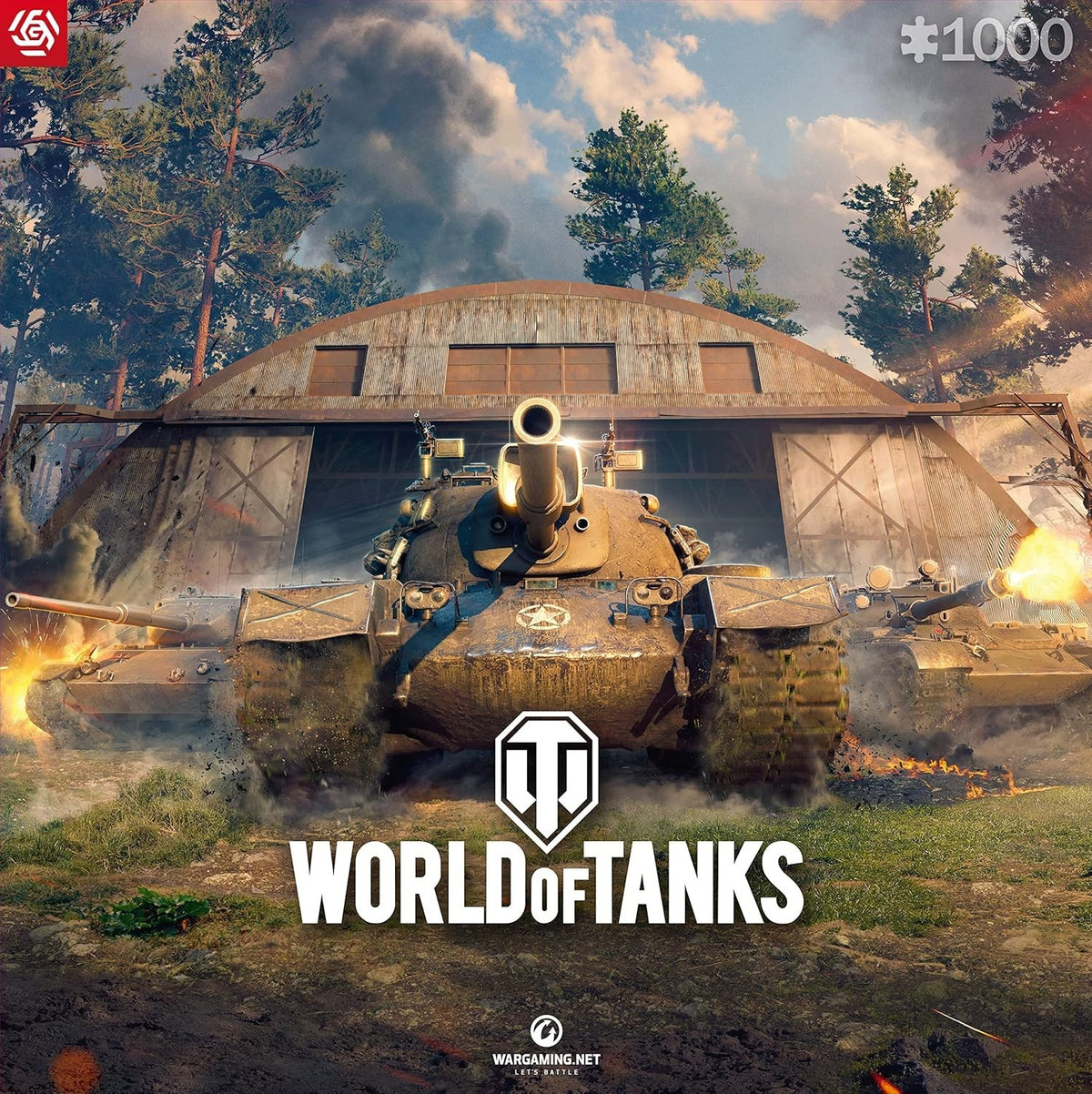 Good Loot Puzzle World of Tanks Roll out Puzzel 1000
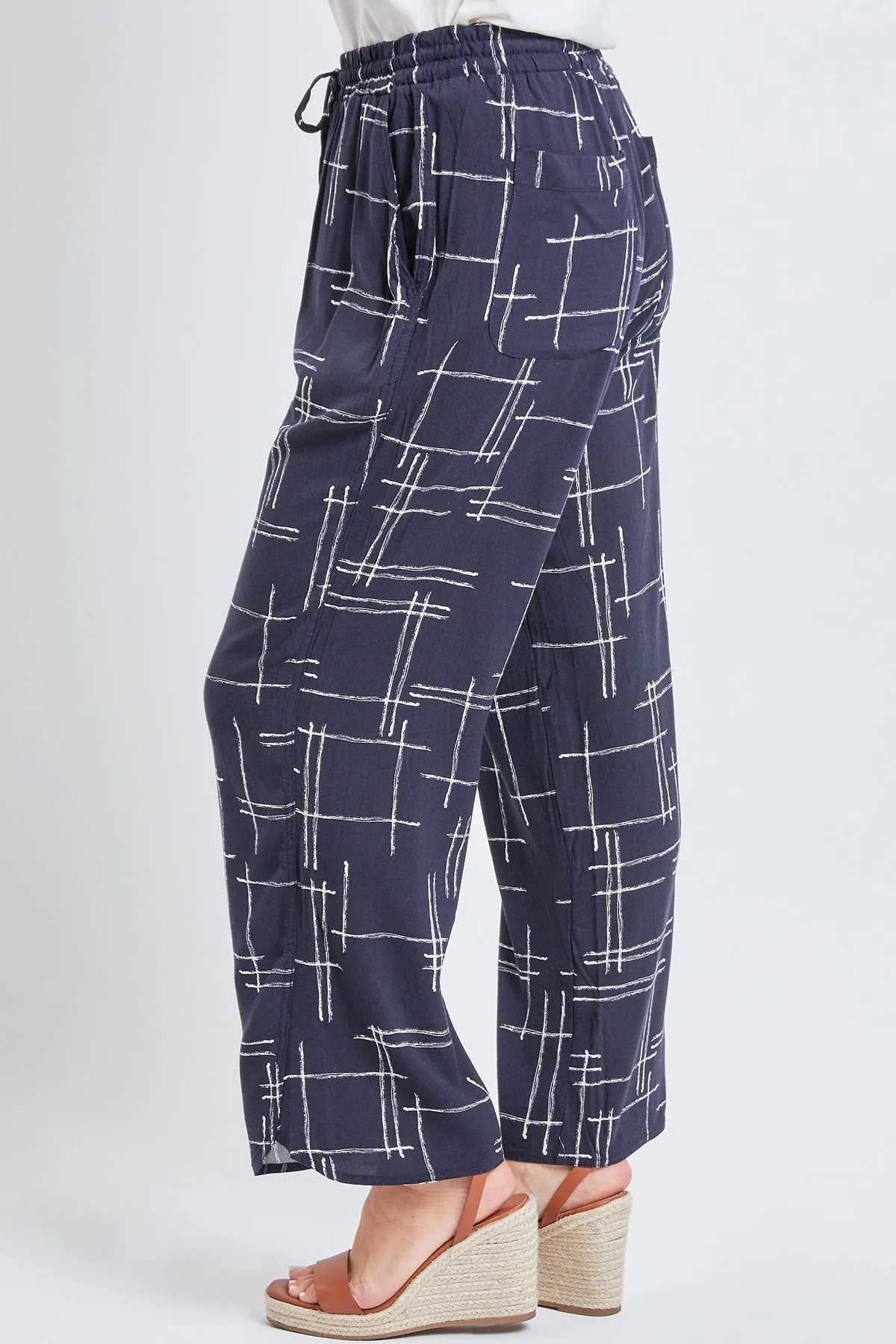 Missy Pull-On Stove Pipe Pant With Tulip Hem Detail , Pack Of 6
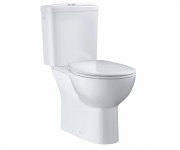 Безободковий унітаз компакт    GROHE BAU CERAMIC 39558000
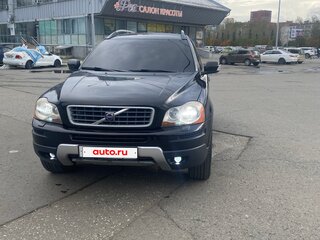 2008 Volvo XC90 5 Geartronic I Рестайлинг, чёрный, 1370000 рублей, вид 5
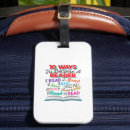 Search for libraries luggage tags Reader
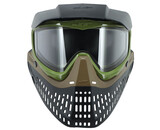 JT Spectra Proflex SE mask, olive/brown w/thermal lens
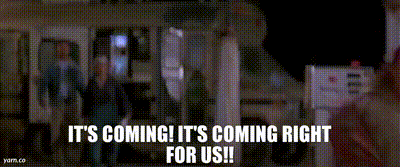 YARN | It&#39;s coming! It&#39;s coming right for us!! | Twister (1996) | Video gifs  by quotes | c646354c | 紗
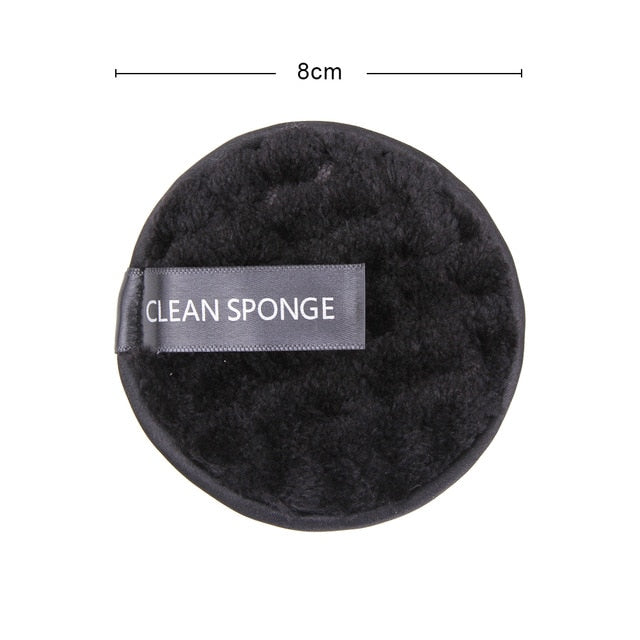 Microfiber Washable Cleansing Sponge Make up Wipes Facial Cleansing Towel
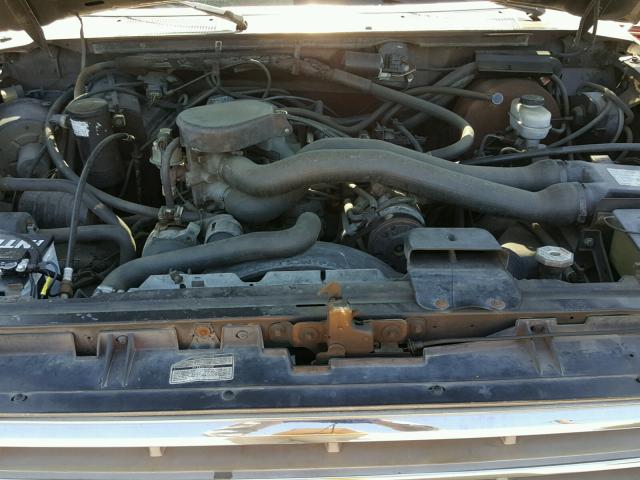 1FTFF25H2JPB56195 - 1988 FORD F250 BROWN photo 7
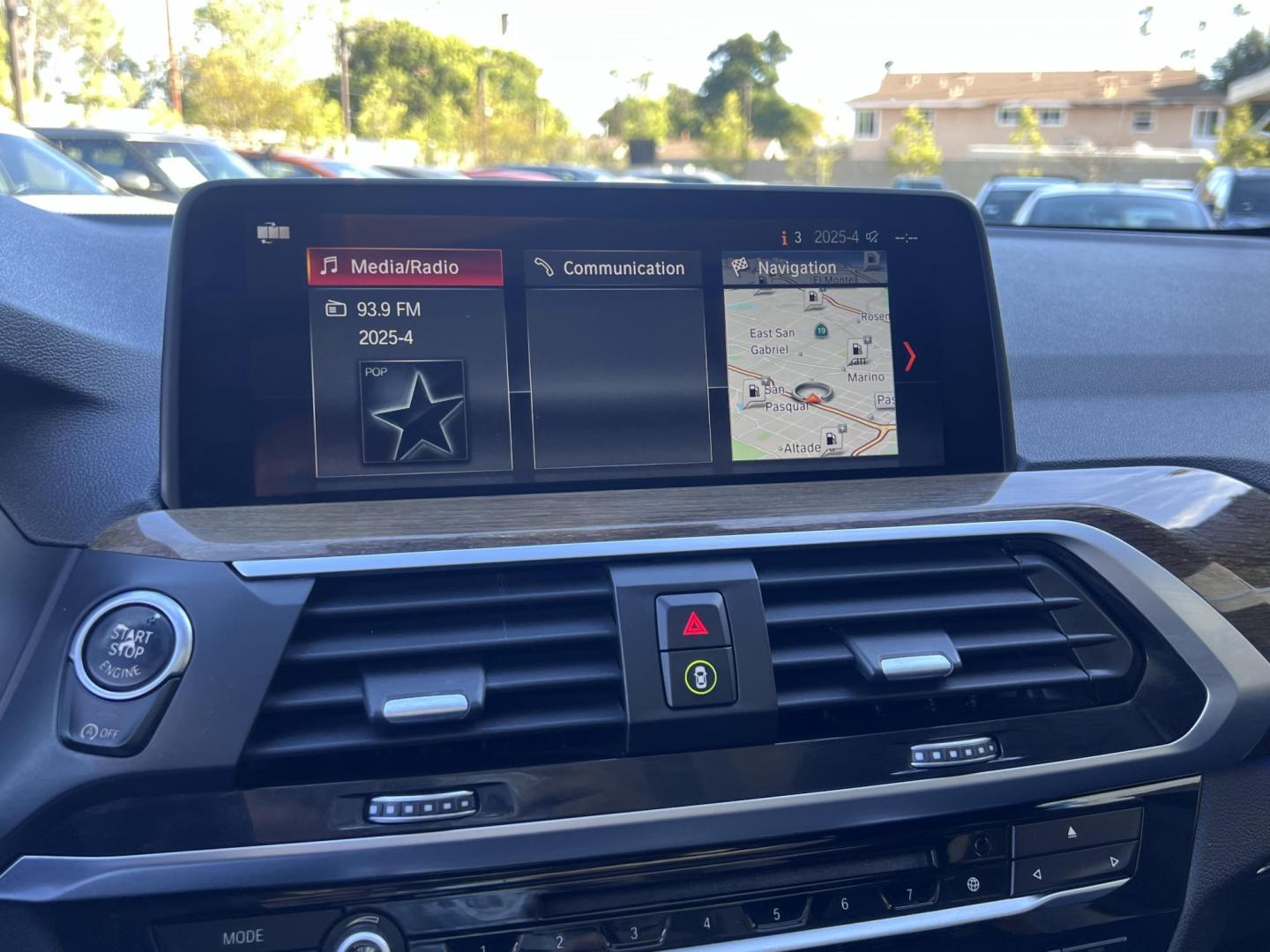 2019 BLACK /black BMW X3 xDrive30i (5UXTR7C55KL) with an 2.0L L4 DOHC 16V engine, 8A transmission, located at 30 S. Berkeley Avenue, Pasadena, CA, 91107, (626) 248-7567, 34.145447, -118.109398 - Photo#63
*-*-*
**Problem statement**
Having located the line with "Microfiber Washable Cleansing", copy it exactly along with every later line through the end of the listing above, but omit the pictures.

**Answer below**
 Microfiber Washable Cleansing Sponge Make up Wipes Facial Cleansing Towel
 1FTFF25H2JPB56195 - 1988 FORD F250 BROWN photo 7
 2019 BLACK /black BMW X3 xDrive30i (5UXTR7C55KL) with an 2.0L L4 DOHC 16V engine, 8A transmission, located at 30 S. Berkeley Avenue, Pasadena, CA, 91107, (626) 248-7567, 34.145447, -118.109398 - Photo#63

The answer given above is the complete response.